Whether he has heeded this warning or not, the faces Didier Ben Loulou photographs convey the profound meaning of this interdiction, whose aim is neither to stunt an artist’s emotions and work or render his eulogy of creative life impious but to incite him to not approach the beckoning shores of idolatry and death. Completeness always risks dumbfounding life, casting a spell of shadows and death on those who, satisfied or sated by what they see or know, or saturated with the entrancingly visible, soon shut out all desire. On the contrary, by opting for the fragment, by often accompanying his faces with a thin, decisive layer of shadow, Didier Ben Loulou comes down on the side of life, even when bringing us face to face with suffering and misery. That absence of completeness, that shadow which remains, do they not go hand in hand with a quest, not necessarily explicit to itself, for that invisible light which enables one to see the visible without showing oneself?
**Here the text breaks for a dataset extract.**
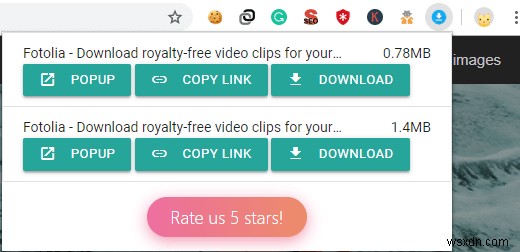 サイバーセキュリティ・OSINT調査に役立つおすすめブラウザ拡張機能10選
This question does not stem from a will to measure a photographer’s work against a metaphysical hypothesis, but from the emotions these photographs arouse. Even when this face-to-face he forces upon us imposes confrontation with great loneliness, with its sweat and anxiety, with its ardent effort to not (at least not yet) go under, it seems that all that – that long distress, this moment of precarious clarity – comes towards us, now still, against the background of that invisible light. But that light is not to be sought in some distant elsewhere, or even in the next world, it is there in the most secret recesses of the artist’s eye.
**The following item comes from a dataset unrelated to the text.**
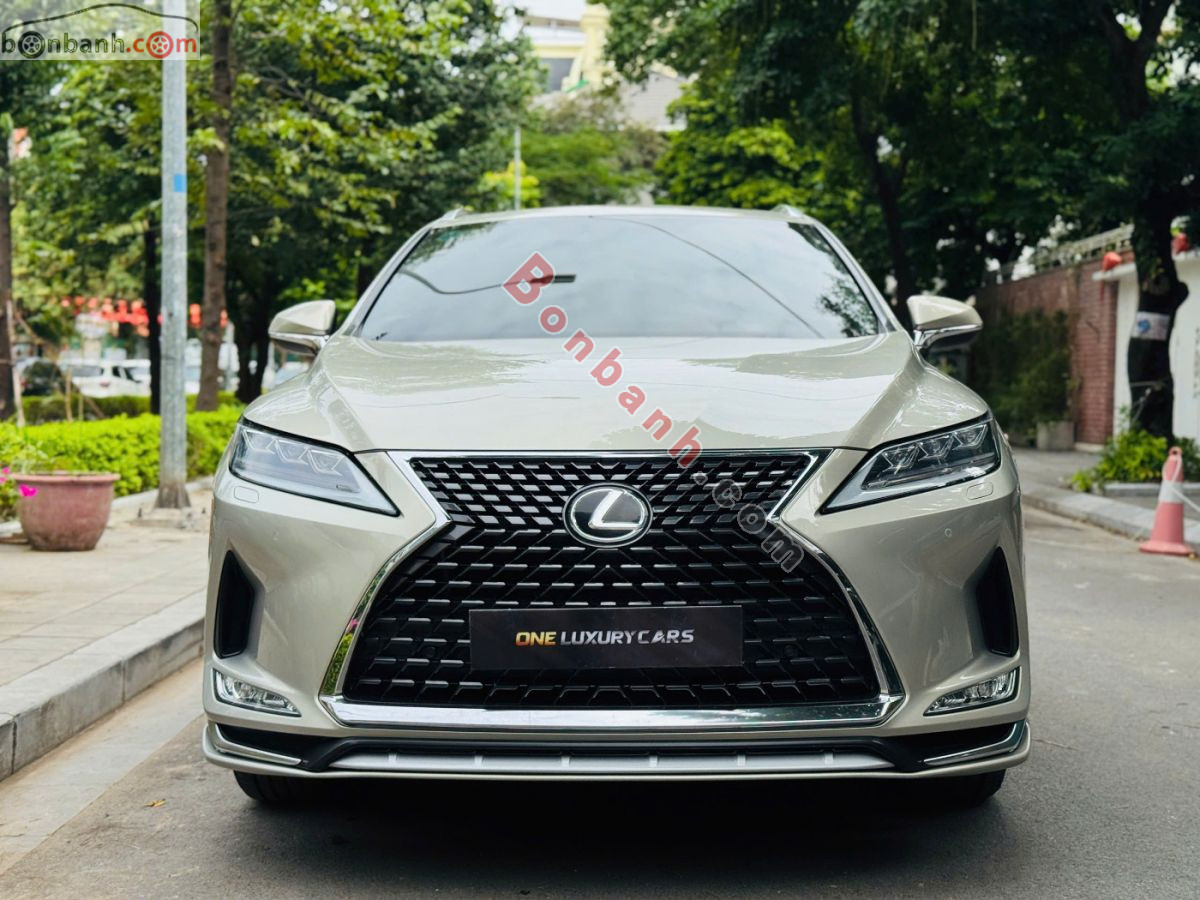 Bán ô tô Lexus RX 300 - 2021 - xe cũ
A terrible opprobrium has hung over all human activities, including art and philosophy since the last century, since the invention of mass destruction and the relentlessness to eradicate all trace of humanity from faces. By depriving men, women and children of their name, by stripping them naked and beating them, by shaving off their hair, by hacking their bodies with machetes before disposing of them like some useless, harmful thing, assassins have left behind them a heritage of death on all continents. And through his work on the human face, with not the slightest naivety but, on the contrary, the utmost awareness of the power of evil, Didier Ben Loulou is resolutely opposing this heritage. Along with other artists and philosophers who know how darkness can engulf us with the utmost rapidity, without almost anyone being able to prevent it, he is obeying an injunction to live. And in this sense, his photographs give us a glimpse of the uncertain and fragile dawn of an atonement.